Minister for Finance

[demande de décision préjudicielle formée par la High Court (Haute Cour, Irlande)]

«Droit des sociétés — Directive 77/91/CEE — Protection des intérêts des actionnaires en ce qui concerne le capital d’une société à responsabilité limitée — Décision 2011/77/UE — Assistance financière accordée à l’Irlande — Recapitalisation d’Irish Life and Permanent plc — Directive 2001/24/CE — Mesures d’assainissement»

1.

Le gouvernement irlandais a-t-il méconnu des dispositions fondamentales du droit des sociétés de l’Union lorsque, durant l’été 2011, il a pris le contrôle d’Irish Life and Permanent Group Holdings plc (devenue Permanent TSB Group Holdings plc, ci-après « ILPGH ») et, par la même occasion, de sa filiale Irish Life and Permanent plc (devenue Permanent TSB plc, ci-après « ILP ») ? Cela constitue le point essentiel du litige dont est saisie la High Court (Haute Cour, Irlande).

2.

En conformité avec ma prise de position dans les conclusions que j’ai présentées le 18 février 2016 dans l’affaire Kotnik e.a. ( 2 ), j’estime, pour les raisons exposées dans les présentes conclusions, que les droits conférés aux actionnaires par la directive 77/91/CEE ( 3 ) ne privent pas un État membre de la possibilité de recapitaliser d’urgence un établissement de crédit en difficulté qui joue un rôle essentiel et fondamental dans son économie, à défaut duquel cette économie pourrait être gravement atteinte et pourrait créer, par ricochet, un risque pour l’économie d’autres États membres.

3.

Partant, je suis d’avis que la mesure en cause en l’espèce a été prise conformément au droit de l’Union. Cela dit, l’analyse appartiendra, en définitive, à la High Court (Haute Cour).

I – Cadre juridique

A – Droit de l’Union

1. La deuxième directive

4.

Conformément à l’article 8 de la deuxième directive, les actions ne peuvent pas être émises pour un montant inférieur à leur valeur nominale ou, à défaut de valeur nominale, à leur pair comptable.

5.

Aux termes de l’article 25 de la deuxième directive, toute augmentation du capital doit être décidée par l’assemblée générale, sauf si elle a été préalablement autorisée par les statuts, l’acte constitutif ou l’assemblée générale dans les conditions prévues par cette disposition.

6.

L’article 29, paragraphe 1, de la deuxième directive dispose que « [l]ors de toute augmentation du capital souscrit par apports en numéraire, les actions doivent être offertes par préférence aux actionnaires proportionnellement à la partie du capital représentée par leurs actions ». En outre, conformément à l’article 29, paragraphe 4, « [l]e droit préférentiel ne peut être limité, ni supprimé par les statuts ou l’acte constitutif. Il peut l’être toutefois par décision de l’assemblée générale » dans les conditions prévues par ce paragraphe.

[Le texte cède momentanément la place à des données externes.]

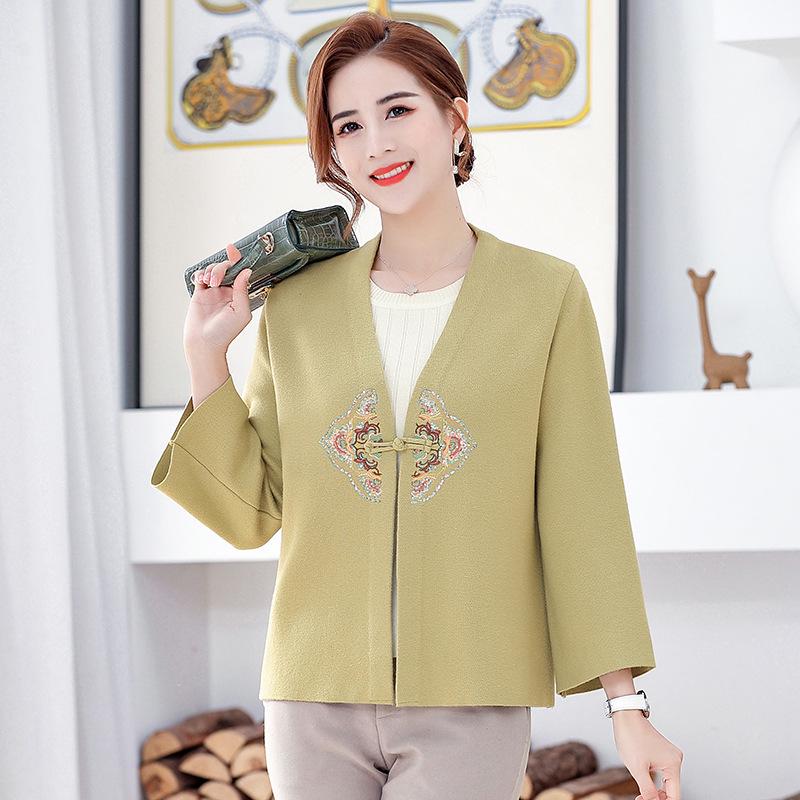 

Red Short Knitted Cardigan for Middle-Aged Women - Perfect for Autumn and Wedding Banquets M (80-105 jin) зелёный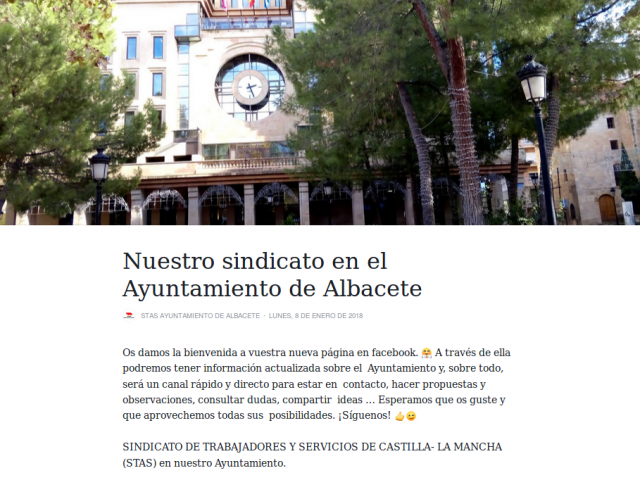La página de facebook de STAS-CLM en el Ayuntamiento de Albacete cumple 1 año La página de facebook de STAS-CLM en el Ayuntamiento de Albacete cumple 1 año
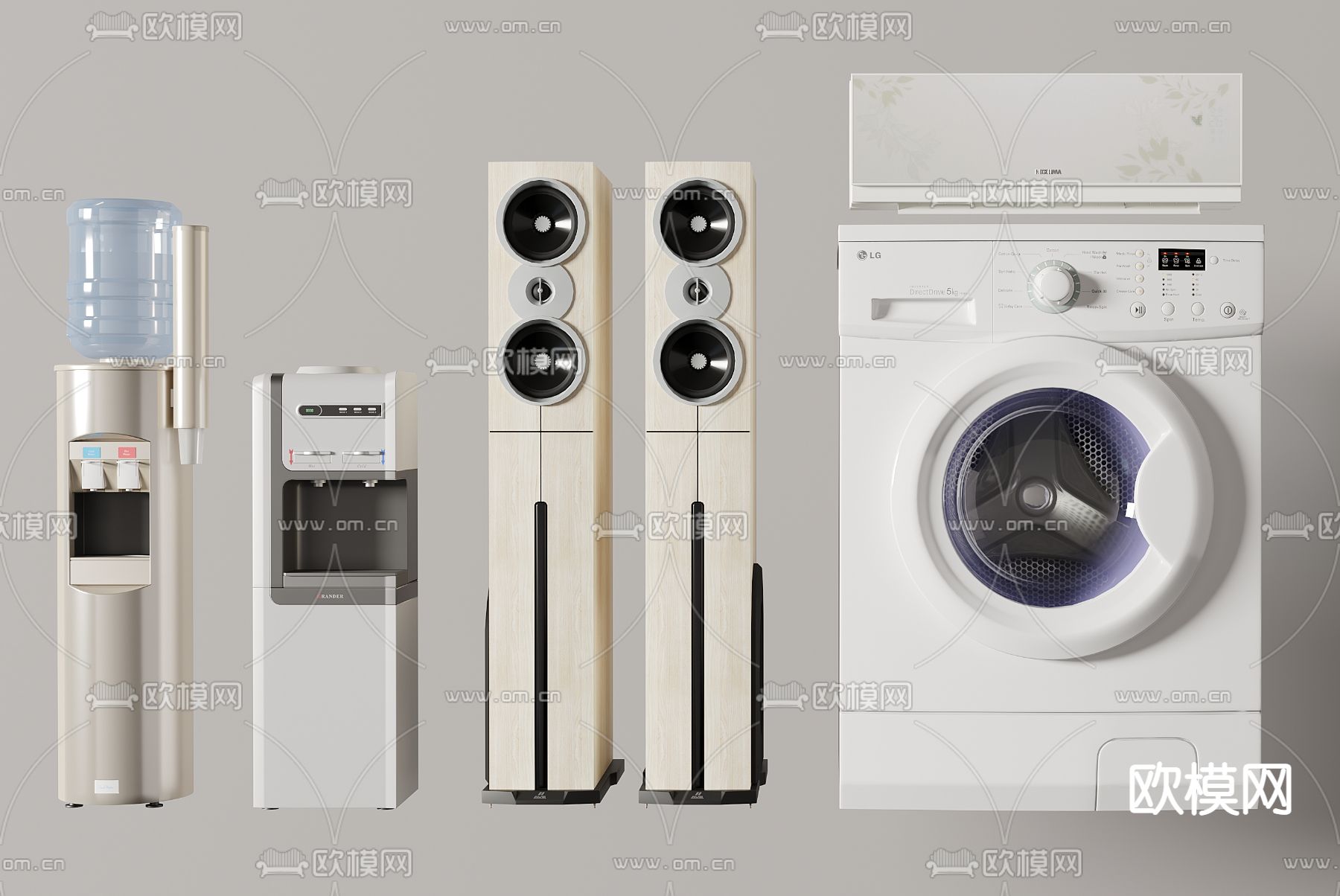 现代饮水机音响洗衣机3d模型下载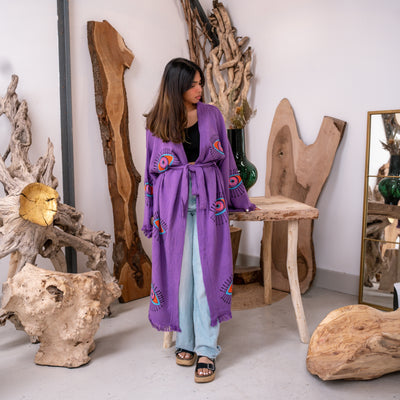 Natural Cotton Purple - Colourful Evil Eyes Kimono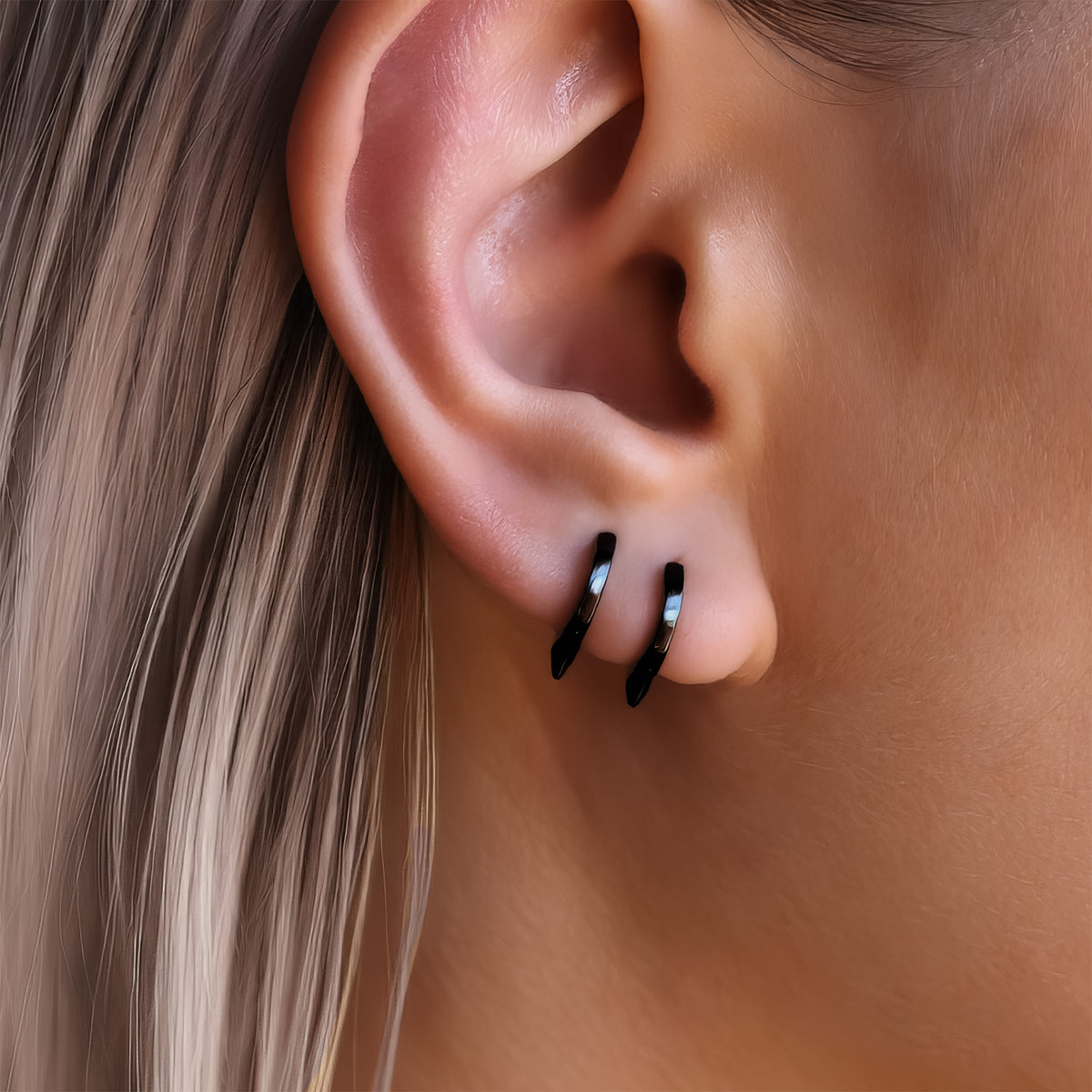Black Spike Huggie Hoop Earrings for Multiple Piercings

2. La directive 2001/24/CE ( 4 )

7.

L’article 2 de la directive 2001/24, intitulé « Définitions », définit les « mesures d’assainissement » comme « les mesures qui sont destinées à préserver ou rétablir la situation financière d’un établissement de crédit et qui sont susceptibles d’affecter les droits préexistants de tiers, y compris les mesures qui comportent la possibilité d’une suspension des paiements, d’une suspension des mesures d’exécution ou d’une réduction des créances ».

8.

L’article 3 de la directive 2001/24, intitulé « Adoption de mesures d’assainissement – loi applicable », prévoit que les autorités administratives ou judiciaires de l’État membre d’origine sont seules compétentes pour décider de la mise en œuvre dans un établissement de crédit, y compris pour les succursales établies dans d’autres États membres, d’une ou plusieurs mesures d’assainissement. Ces mesures sont appliquées conformément aux dispositions des lois, règlements et procédures applicables dans l’État membre d’origine, sauf dispositions contraires. À partir du moment où elles produisent leurs effets dans l’État membre dans lequel elles ont été prises, ces mesures produisent tous leurs effets selon la législation de cet État membre dans toute l’Union européenne, sans aucune autre formalité, y compris à l’égard de tiers dans les autres États membres, même si les réglementations de l’État membre d’accueil qui leur sont applicables ne prévoient pas de telles mesures ou soumettent leur mise en œuvre à des conditions qui ne sont pas remplies.

9.

L’article 9 de la directive 2001/24, intitulé « Ouverture d’une procédure de liquidation – Informations à fournir à d’autres autorités compétentes », établit des règles qui sont en grande partie analogues à celles contenues à son article 3 en ce qui concerne les décisions ouvrant une procédure de liquidation.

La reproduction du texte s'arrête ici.